> Work request: Leave out each picture. Repeat everything else in the records exactly.

> Supplied data:
Start of Block

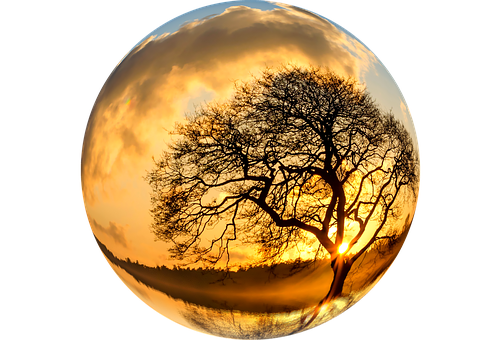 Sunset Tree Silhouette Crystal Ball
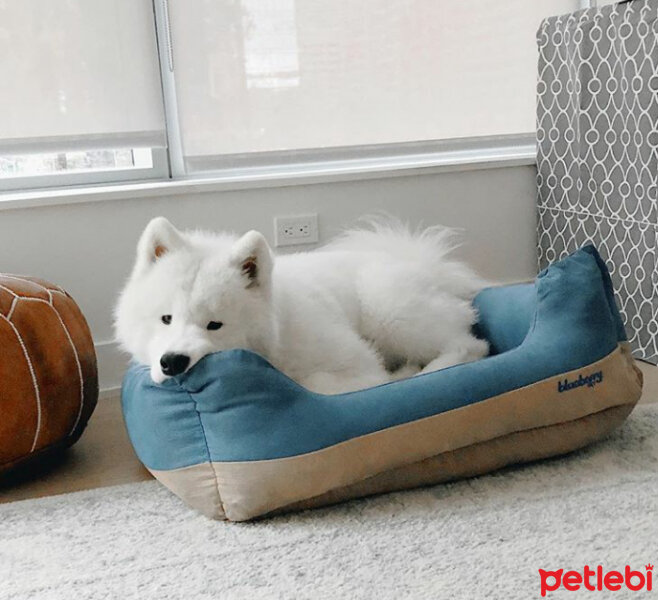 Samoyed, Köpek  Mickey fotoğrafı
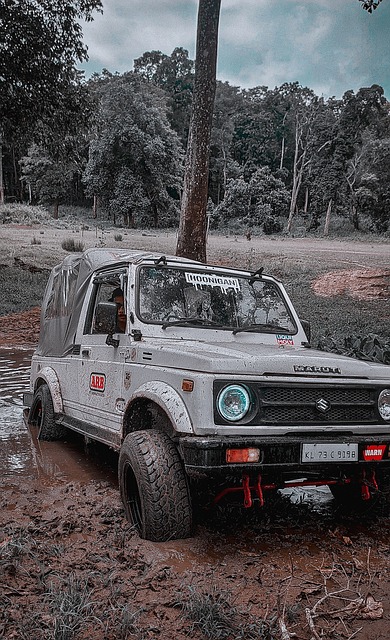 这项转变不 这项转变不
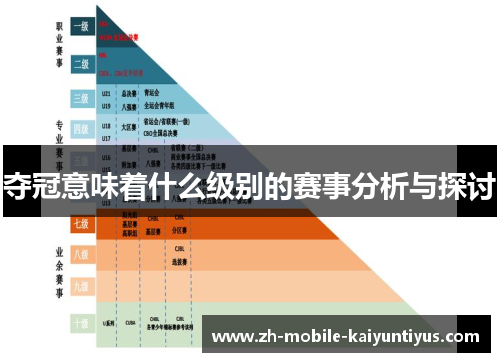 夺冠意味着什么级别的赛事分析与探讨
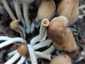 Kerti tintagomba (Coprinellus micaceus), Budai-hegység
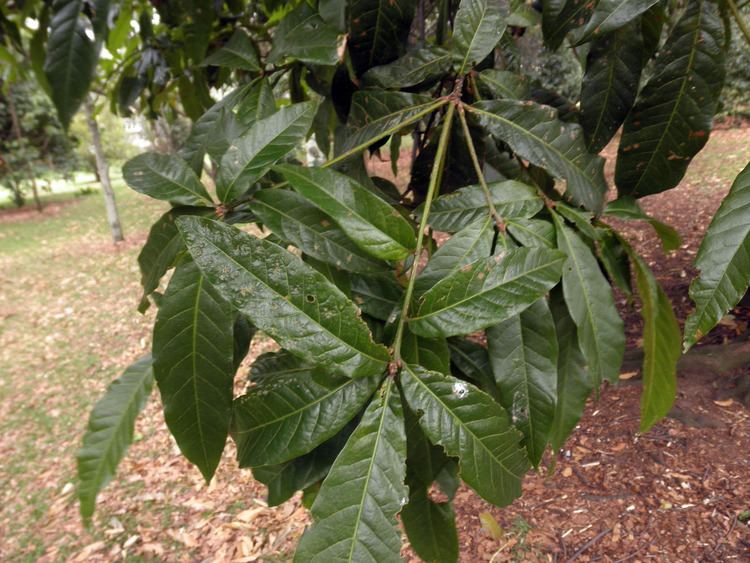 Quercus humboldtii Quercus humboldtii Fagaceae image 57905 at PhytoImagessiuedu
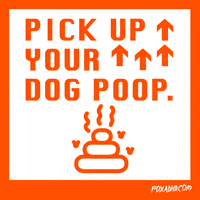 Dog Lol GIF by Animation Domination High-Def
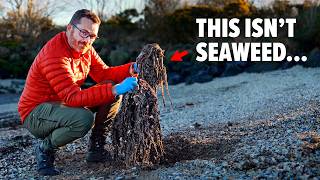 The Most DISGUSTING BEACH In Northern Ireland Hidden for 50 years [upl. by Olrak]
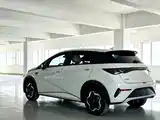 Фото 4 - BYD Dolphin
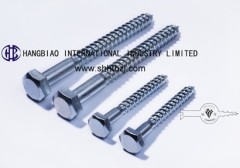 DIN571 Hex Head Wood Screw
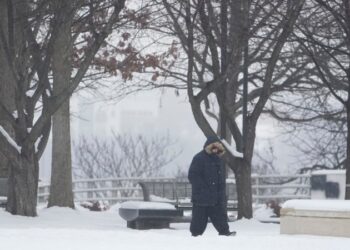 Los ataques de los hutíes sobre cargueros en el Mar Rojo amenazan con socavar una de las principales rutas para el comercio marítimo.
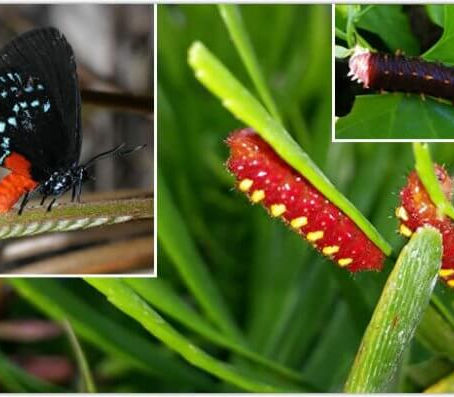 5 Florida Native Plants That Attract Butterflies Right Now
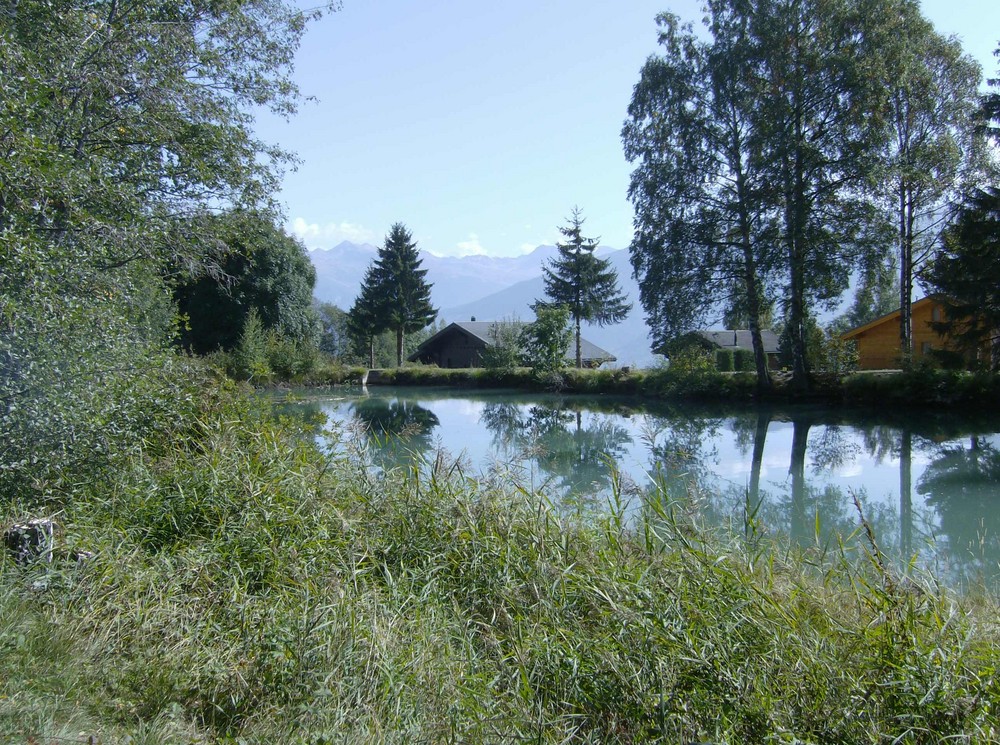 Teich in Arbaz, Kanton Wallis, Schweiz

End of Block

> Exercise output:
 Sunset Tree Silhouette Crystal Ball
 Samoyed, Köpek  Mickey fotoğrafı
 这项转变不 这项转变不
 夺冠意味着什么级别的赛事分析与探讨
 Kerti tintagomba (Coprinellus micaceus), Budai-hegység
 Quercus humboldtii Quercus humboldtii Fagaceae image 57905 at PhytoImagessiuedu
 Dog Lol GIF by Animation Domination High-Def
 The Most DISGUSTING BEACH In Northern Ireland Hidden for 50 years [upl. by Olrak]
 Фото 4 - BYD Dolphin
 DIN571 Hex Head Wood Screw
 Los ataques de los hutíes sobre cargueros en el Mar Rojo amenazan con socavar una de las principales rutas para el comercio marítimo.
 5 Florida Native Plants That Attract Butterflies Right Now
 Teich in Arbaz, Kanton Wallis, Schweiz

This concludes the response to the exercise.